Anche in Francia ci sono posizioni contrastanti, però è un discorso un po’ complicato perché ci sono sicuramente posizioni molto vicine all’antispecismo – non mi piace parlare di ideologia vegana, ideologia vegetariana. Si tratta di uno stile di vita che si decide di adottare, ma soprattutto dell’applicazione pratica nella nostra vita quotidiana di questo atteggiamento antispecista. Significa avere un atteggiamento che non discrimina tra le diverse creature che popolano il nostro pianeta e, anzi, tiene tutte le varie specie viventi in considerazione allo stesso modo.
Questo non vuol dire dare il diritto di voto alle mucche, vuol dire che quella mucca va considerata come un individuo, un singolo che prova emozioni e sofferenze, sia fisiche che psicologiche. È un essere vivente che gode di diritti: ha diritto a non essere torturato, a non essere rinchiuso in un edificio dove non vede mai la luce del sole, ha diritto a non essere sfruttato e soprattutto a non essere ucciso. Tutto questo è significa essere antispecista nella sua applicazione vegana. Proprio in base a questo principio è chiaro che se si è antispecisti si rifiuta qualsiasi tipo di allevamento, perché l’allevamento solitamente porta come scopo ultimo alla morte dell’animale.
Esiste poi un’altra posizione, un’altra tesi che si chiama welfarismo, dall’inglese welfare, che sostiene che bisogna migliorare la condizione dell’animale, ma non necessariamente rinunciare totalmente al consumo di carne e quindi ci sono delle posizioni contrarie a certe forme di violenza sugli animali, come chiudere in gabbia gli animali da allevamento.
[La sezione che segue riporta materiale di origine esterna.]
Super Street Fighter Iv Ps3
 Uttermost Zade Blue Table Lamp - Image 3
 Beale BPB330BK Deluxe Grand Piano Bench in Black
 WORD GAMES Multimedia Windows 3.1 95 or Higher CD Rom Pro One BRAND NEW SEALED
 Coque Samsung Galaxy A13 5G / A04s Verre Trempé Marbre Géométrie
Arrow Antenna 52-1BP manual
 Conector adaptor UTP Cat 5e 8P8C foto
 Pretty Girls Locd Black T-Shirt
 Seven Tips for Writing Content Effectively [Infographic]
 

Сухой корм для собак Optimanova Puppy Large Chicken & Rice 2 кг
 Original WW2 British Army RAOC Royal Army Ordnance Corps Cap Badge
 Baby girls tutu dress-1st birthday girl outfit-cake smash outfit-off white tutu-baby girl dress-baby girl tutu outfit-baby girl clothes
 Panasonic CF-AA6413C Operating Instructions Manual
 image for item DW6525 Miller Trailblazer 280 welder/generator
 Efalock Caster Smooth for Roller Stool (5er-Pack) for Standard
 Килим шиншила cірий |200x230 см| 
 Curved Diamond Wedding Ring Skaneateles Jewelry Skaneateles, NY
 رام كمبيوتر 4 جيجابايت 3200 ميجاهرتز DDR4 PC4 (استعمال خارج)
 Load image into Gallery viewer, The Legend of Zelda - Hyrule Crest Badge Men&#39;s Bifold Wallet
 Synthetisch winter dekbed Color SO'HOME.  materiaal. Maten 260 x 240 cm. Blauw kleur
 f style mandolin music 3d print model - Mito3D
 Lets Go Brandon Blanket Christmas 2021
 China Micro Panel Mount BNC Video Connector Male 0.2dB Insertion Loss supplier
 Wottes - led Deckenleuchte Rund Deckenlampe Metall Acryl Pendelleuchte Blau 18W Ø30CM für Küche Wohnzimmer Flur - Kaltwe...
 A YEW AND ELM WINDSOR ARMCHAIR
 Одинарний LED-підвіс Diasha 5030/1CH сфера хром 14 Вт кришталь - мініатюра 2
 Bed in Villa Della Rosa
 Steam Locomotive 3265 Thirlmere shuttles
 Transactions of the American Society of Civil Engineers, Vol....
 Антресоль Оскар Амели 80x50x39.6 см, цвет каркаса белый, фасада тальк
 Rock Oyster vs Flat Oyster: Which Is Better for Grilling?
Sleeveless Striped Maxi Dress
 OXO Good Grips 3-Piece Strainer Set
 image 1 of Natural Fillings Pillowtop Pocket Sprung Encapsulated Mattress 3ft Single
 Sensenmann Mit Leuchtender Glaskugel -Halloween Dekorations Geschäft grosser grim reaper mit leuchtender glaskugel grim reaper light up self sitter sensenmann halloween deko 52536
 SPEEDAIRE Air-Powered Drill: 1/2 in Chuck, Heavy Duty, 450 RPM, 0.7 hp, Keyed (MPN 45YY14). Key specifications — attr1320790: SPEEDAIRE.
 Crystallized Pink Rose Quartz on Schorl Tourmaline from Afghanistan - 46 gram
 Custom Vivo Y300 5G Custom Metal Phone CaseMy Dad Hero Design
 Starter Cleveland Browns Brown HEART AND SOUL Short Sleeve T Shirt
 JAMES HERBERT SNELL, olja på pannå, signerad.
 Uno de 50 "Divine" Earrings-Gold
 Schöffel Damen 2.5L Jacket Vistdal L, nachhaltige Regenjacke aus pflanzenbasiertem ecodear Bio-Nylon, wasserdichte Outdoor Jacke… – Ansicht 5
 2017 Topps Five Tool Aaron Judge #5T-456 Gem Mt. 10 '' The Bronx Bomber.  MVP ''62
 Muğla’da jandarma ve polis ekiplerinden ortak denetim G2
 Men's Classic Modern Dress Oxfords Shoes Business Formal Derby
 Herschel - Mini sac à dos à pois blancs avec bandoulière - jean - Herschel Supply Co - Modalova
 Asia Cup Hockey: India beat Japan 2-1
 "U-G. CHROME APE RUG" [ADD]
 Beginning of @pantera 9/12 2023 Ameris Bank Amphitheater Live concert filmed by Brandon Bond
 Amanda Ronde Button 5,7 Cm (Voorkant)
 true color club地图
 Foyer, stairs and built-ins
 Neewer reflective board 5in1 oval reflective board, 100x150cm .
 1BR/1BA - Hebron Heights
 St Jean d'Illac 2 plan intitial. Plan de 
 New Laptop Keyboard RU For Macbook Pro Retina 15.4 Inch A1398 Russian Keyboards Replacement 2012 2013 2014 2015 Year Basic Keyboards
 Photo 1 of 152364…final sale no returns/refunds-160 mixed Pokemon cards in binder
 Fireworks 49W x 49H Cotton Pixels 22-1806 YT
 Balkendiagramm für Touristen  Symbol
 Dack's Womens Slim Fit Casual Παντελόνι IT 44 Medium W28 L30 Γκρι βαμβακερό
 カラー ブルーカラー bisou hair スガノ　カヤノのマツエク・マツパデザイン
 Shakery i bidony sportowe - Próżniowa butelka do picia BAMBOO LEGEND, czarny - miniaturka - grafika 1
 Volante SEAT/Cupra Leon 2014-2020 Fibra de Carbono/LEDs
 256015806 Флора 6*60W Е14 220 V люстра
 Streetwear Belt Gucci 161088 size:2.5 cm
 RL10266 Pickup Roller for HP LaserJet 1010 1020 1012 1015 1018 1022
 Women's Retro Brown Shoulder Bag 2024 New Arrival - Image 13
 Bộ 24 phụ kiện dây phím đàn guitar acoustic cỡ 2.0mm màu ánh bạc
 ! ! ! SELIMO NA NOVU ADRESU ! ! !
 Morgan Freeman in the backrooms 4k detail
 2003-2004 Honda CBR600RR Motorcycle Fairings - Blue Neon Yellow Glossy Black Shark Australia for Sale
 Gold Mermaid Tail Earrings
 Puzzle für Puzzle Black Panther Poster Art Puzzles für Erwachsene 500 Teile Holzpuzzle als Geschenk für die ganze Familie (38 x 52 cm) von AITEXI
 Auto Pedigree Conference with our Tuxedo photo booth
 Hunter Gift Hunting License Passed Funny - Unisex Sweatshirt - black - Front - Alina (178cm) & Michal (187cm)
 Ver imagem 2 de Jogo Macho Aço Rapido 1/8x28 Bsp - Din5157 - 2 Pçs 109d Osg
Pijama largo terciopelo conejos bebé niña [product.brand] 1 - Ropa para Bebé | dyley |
L’antispecista sa che gli allevamenti non possono cessare di esistere da un giorno all’altro: questa è un’utopia e bisogna esserne consapevoli. Per cui, alla luce di questa considerazione, si è giunti alla conclusione che il welfarismo può essere un periodo di transizione molto utile, una strategia per cercare di cambiare la direzione delle cose verso l’abolizione di qualsivoglia forma di violenza nei confronti degli animali.